▶ Exercise instructions
Write out the data below exactly as given, without any of its pictures.

▶ Dataset content
········

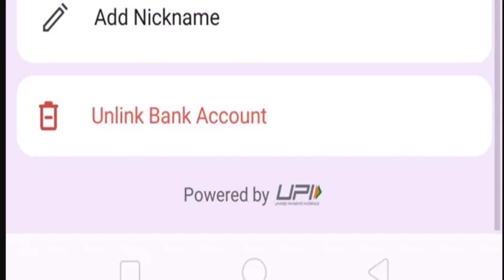After that, you have successfully unlinked your bank account from PhonePe. That is how you can remove a bank account from your PhonePe. That's all for this video — I hope it was helpful. Make sure to like, share, and subscribe to our channel. Thank you for watching.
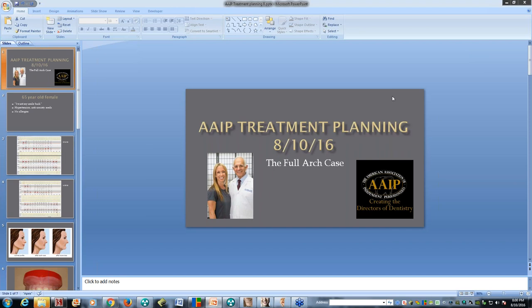Good evening, members, and welcome to our webinar. Today we are going to be doing a treatment planning case. The next lecture we're going to have is actually going to be on the 31st of this month, instead of having two in September. We have one on the 31st, and then one in September, because of the AAP meeting happening in September.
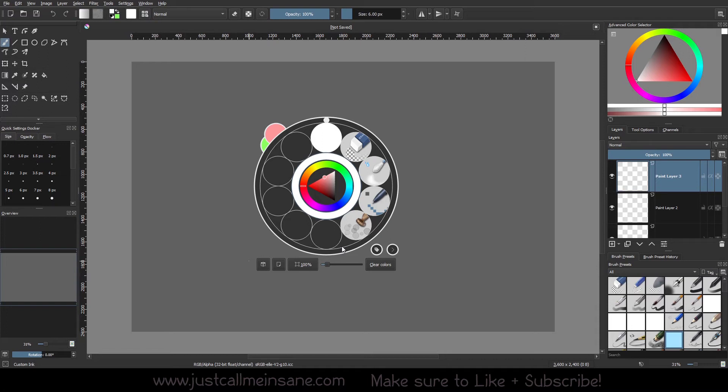And that's why the pop-up palette is a really great feature in Krita, and that's how you can actually get things done a little bit faster, especially when you're trying to flip through your favorite brushes or colors when you're working on whatever it is you're working on.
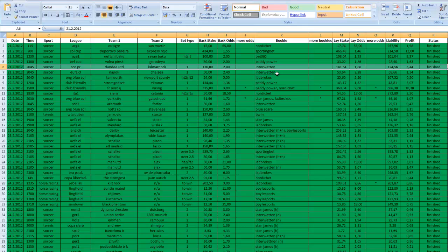On the other side, we made a bet worth 141.54 euros at 1.88 odds at Betfair. Our liability was 124.56 euros.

········

▶ Finished exercise
After that, you have successfully unlinked your bank account from PhonePe. That is how you can remove a bank account from your PhonePe. That's all for this video — I hope it was helpful. Make sure to like, share, and subscribe to our channel. Thank you for watching.
Good evening, members, and welcome to our webinar. Today we are going to be doing a treatment planning case. The next lecture we're going to have is actually going to be on the 31st of this month, instead of having two in September. We have one on the 31st, and then one in September, because of the AAP meeting happening in September.
And that's why the pop-up palette is a really great feature in Krita, and that's how you can actually get things done a little bit faster, especially when you're trying to flip through your favorite brushes or colors when you're working on whatever it is you're working on.
On the other side, we made a bet worth 141.54 euros at 1.88 odds at Betfair. Our liability was 124.56 euros.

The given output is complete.